There are two main types of intestinal worms that can infect cats – roundworm and tapeworm. Luckily, these are easy to manage with regular worming treatments. For most adult cats, a treatment every three months should keep worms at bay, but kittens and those that frequently hunt may need treating more regularly. Preventive methods include spot-on solutions or tablets – there are both prescription and non-prescription wormers available so it’s always best to consult your vet who can advise you on the best option for your feline companion. For more advice on preventive healthcare for your cat, visit

Dear PDSA Vet: I’m worried about my dog, Jasper, getting fleas when we go on long walks. Is there any way to prevent them? Jacob

Fleas can be a real bugbear, but most pets will pick them up close to home – keeping Jasper up-to-date with his preventive treatment should keep them at bay and many will also help to prevent ticks, which can be picked up on walks . There are many options available so speak to your vet about which is best for Jasper – prescription products are the most effective. It’s a good idea to keep on top of vacuuming your home too, and consider using an environmental flea spray especially around Jasper’s bedding and under furniture. If you’re worried your pup may have fleas, you can check for flea dirt around his back end and the base of his tail.

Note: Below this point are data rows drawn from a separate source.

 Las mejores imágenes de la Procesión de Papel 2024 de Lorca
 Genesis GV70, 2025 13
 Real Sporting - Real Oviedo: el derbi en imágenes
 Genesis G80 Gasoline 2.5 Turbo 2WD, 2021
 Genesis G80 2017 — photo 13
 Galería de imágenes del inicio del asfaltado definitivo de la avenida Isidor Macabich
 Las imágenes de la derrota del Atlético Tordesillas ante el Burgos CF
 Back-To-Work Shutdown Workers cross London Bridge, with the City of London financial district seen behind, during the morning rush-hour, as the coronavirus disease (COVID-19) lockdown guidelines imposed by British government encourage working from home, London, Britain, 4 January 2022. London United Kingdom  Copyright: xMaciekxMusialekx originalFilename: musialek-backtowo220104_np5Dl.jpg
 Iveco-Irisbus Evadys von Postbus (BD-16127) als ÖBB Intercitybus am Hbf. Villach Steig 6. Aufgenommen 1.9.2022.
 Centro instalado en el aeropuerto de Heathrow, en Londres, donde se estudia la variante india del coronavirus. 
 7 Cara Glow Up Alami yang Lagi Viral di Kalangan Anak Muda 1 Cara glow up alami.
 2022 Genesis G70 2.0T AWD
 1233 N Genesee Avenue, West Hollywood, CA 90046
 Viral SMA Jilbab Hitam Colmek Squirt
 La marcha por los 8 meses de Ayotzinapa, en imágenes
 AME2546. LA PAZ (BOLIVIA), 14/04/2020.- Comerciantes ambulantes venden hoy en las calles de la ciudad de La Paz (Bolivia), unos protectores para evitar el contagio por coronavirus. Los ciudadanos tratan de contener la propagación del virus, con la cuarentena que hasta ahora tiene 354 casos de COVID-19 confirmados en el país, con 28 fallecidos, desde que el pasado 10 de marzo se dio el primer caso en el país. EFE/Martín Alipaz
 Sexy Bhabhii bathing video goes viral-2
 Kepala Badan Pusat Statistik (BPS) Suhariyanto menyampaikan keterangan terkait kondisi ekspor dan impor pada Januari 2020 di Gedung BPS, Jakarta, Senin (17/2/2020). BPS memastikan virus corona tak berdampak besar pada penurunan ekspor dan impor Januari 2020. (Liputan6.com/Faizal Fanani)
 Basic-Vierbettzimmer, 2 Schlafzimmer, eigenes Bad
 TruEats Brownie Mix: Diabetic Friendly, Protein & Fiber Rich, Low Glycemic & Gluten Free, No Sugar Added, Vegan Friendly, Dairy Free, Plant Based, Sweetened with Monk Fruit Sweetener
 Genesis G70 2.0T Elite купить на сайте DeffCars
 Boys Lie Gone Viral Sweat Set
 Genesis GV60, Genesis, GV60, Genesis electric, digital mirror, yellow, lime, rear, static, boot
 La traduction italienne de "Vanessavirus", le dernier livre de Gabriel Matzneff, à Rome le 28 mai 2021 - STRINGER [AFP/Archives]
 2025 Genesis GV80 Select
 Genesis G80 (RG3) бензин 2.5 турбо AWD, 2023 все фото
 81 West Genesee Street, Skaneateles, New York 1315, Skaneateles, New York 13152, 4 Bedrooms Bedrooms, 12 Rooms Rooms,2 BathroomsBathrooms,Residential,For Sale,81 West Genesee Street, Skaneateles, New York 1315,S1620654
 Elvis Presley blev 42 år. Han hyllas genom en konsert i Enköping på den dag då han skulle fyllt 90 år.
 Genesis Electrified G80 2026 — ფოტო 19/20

Dear PDSA Vet: Do you have any tips for toilet training young puppies? We’re having a nightmare with our Labrador at the moment. Niamh

Having a consistent routine is key when toilet training, but it can be frustrating at times! Take your puppy outside regularly throughout the day (every two to three hours) and try using a phrase such as “wee-wee time” that they can associate with toileting outdoors. Give them lots of chances to get it right – take them out first thing in the morning and after every meal when they’re likely to need to toilet. Try to learn how to spot when your puppy needs to toilet – you may see them circling and sniffing the floor. Reward-based training methods are always more effective, so give them lots of fuss and praise or a healthy treat when they do the right thing and never get annoyed at them for having an accident, as this won’t help them learn any quicker.